Brochin tries again to repeal 2011 alcohol tax

For a second year in a row, Sen. Jim Brochin is trying to repeal the retail sales tax on alcohol that went from 6% to 9% in 2011. He said it unfairly targets one industry and puts Maryland at a disadvantage with neighboring states. “Currently surrounding states are charging less in sales and use tax…and it’s having a negative effect on local businesses,” Brochin told the Senate Budget and Taxation Committee on Wednesday.

Hogan moves to suspend $50 million supplement to pension system

In his State of the State speech Wednesday, Gov. Larry Hogan worried about the state’s pension system’s $20 billion unfunded liability, and urged legislators to pass a new pension option like a 401(k) for new employees. But in his fiscal 2018 budget, the governor withholds a mandated $50 million supplement to the State Retirement and Pension System due to declining revenue estimates that have left a slim $70 million surplus in fiscal 2017.

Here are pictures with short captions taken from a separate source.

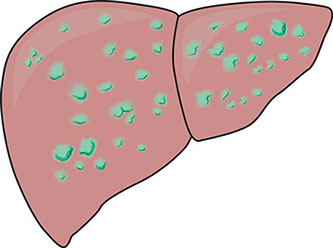 Illustration of hepatitis in the liver.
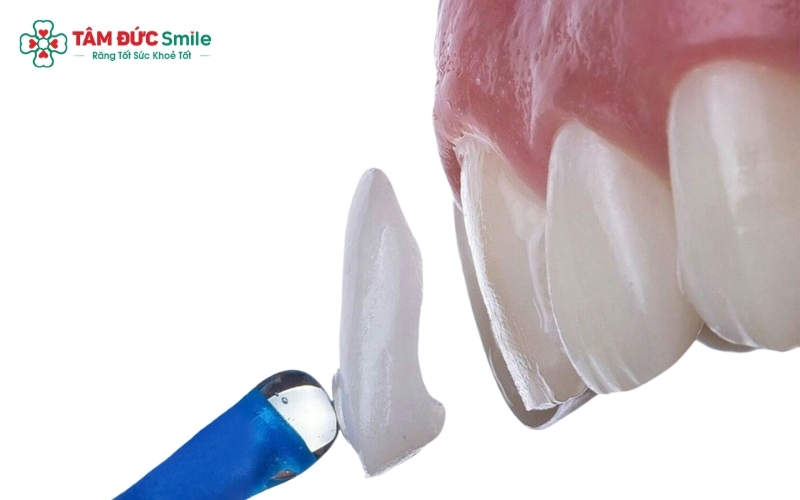 Dán sứ Veneer là giải pháp hoàn hảo để khắc phục tình trạng răng cửa thưa, mẻ hoặc xỉn màu mà vẫn bảo tồn tối đa răng thật.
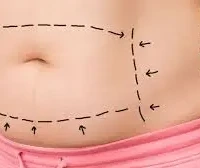 Abdominoplastia en Barrancabermeja abdominoplastia barrancabermeja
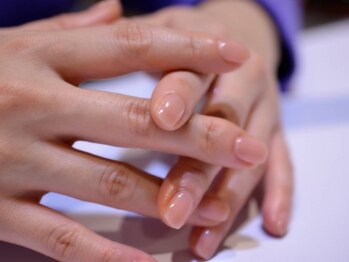 フィオーレフィオーレ 銀座の写真/【爪質トリートメント】美爪を叶える特許取得のネイル技術！コンプレックス爪解消♪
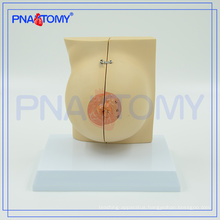 PNT-0747 life size female breast anatomical model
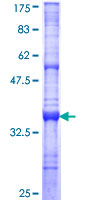 DYM Protein - 12.5% SDS-PAGE Stained with Coomassie Blue.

Senate postpones vote on renewable energy veto

A Senate vote to increase the state’s Renewable Energy Portfolio Standard and override Gov. Larry Hogan’s veto from the 2016 session was postponed Thursday for a week. The bill would mandate that 25% of all electricity consumption in the state come from renewable energy sources by the year 2020. The measure ups the renewable energy goal from the current 20% by 2022. Senate Minority Whip Stephen Hershey said the vote scheduled this Thursday came earlier than expected and was anticipated to take place only after the House took up the RPS veto next week.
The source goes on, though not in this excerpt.